This approach also improves the punter's chances of a quick profit, encouraging a purchase of the next privatisation stock too. Since the French government hopes to put at least one and possibly two more groups up for sale before Christmas - probably Rhone-Poulenc, the chemicals group, and Elf Aquitaine, the oil company - creating the right mood is important.

If anything, though, the trick backfired yesterday. Shares in Rhone-Poulenc were the biggest fallers on the Bourse, dropping 4 per cent on worries that the government might sell the already part-privatised group at a bargain basement discount to its current price.

As far as BNP is concerned, the ploy was unnecessary. Demand from institutional investors has been high, as bank investors are as able as the next person to look through the gloom of this year and next. BNP has been widely rated a recovery stock - and a buy at anything under Fr270 a share, compared with the Fr240 offer price - on the basis of an expected sharp improvement in profits and dividends in 1995 and 1996.

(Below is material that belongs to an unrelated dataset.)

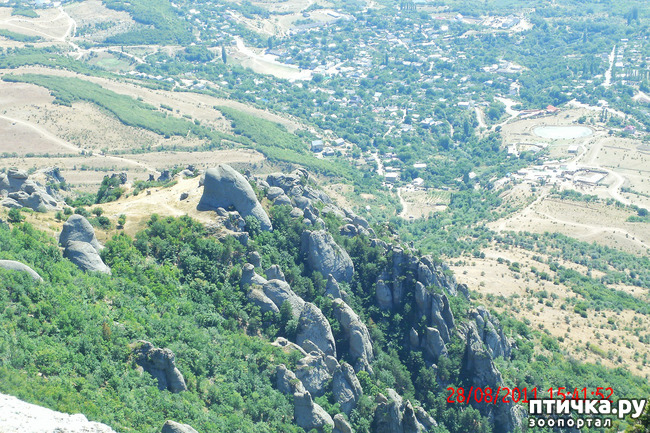 ���� 10: ��������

However, a word of caution is needed. Since the virtual collapse of the exchange rate mechanism, the French market appears to have grown wings. French equities are now the most expensive in Europe, trading at more than 25 times current earnings, a considerably more demanding multiple than London's 18 times. Indeed, the CAC-40 index of leading shares is predicting a 45 per cent rise in profits in 1994, with financial stocks supposed to produce a hefty 78 per cent increase.

The expectation is that next year there will be a sharp bounce from the recession and/or cuts in interest rates to push the CAC-40 ever onward and upward. Neither is a safe bet.